Yes, existing common is very suppressed due to questionable if not completely illegal actions by FHFA and Treasury. If (and that's a big if) rectified, the common value will not be where it is today.



It could be lower! It all depends on how Treasury resolves the seniors.

Stated value of juniors, so not even a slight haircut eh? Sounds like wishful thinking.



The bigger the haircut that the juniors take, the less they will leave behind for the existing common. That "wishful thinking" is actually good for you and is something you should be hoping for yourself.

Yah, how can I forget - you keep bringing it up as if it means the future is set in stone. I recall lots of things that almost happened. Like when I almost won the lottery.



More false equivalence fallacy. A senior and junior-to-common conversion almost happening is nothing like the lottery. It shows the mindset of the DOJ (that they view Treasury writing off the seniors as illegal) and is direct evidence that informs future expectations.

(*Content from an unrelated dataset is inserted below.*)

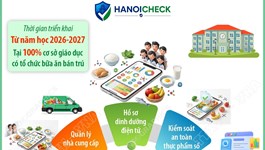 Hà Nội triển khai Hệ thống cơ sở dữ liệu về dinh dưỡng và an toàn thực phẩm học đường tại cơ sở bán trú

And yet you seem to think that Treasury is more likely to do something they think is illegal (writing off the seniors) than something they think isn't (the conversion). I really don't get it.

Where does the $100B come from? That's a large offering.



It comes from investors who are looking to make a return. Saudi Aramco recently looked to do a $50B share offering, after actually doing one worth $30B a few years ago. Petrobras successfully raised $70B. Both of those companies are in countries where the rule of law is quite a bit weaker than it is in the US. If FnF want to raise $100B and are assured that they will exit conservatorship upon completion of the deal, finding the money will be easy.

In the meantime Treasury owns a majority stake? Taxpayers on the hook? Explicit guarantee?



1) Treasury's 92% stake in AIG wasn't a problem. They signed an agreement to vote their shares in proportion to all other shareholders' votes, effectively eliminating their voting power.
2) As long as the funding commitment in the SPSPAs exist taxpayers will be on a (limited) hook anyway.
3) An explicit guarantee can only happen if Congress passes a bill including it.

Those are not slam dunk selling points.



If those things are viewed as negatives by outside investors, all that will serve to do is lower the per-share price of the SPO, and thus what the existing commons are worth at that time.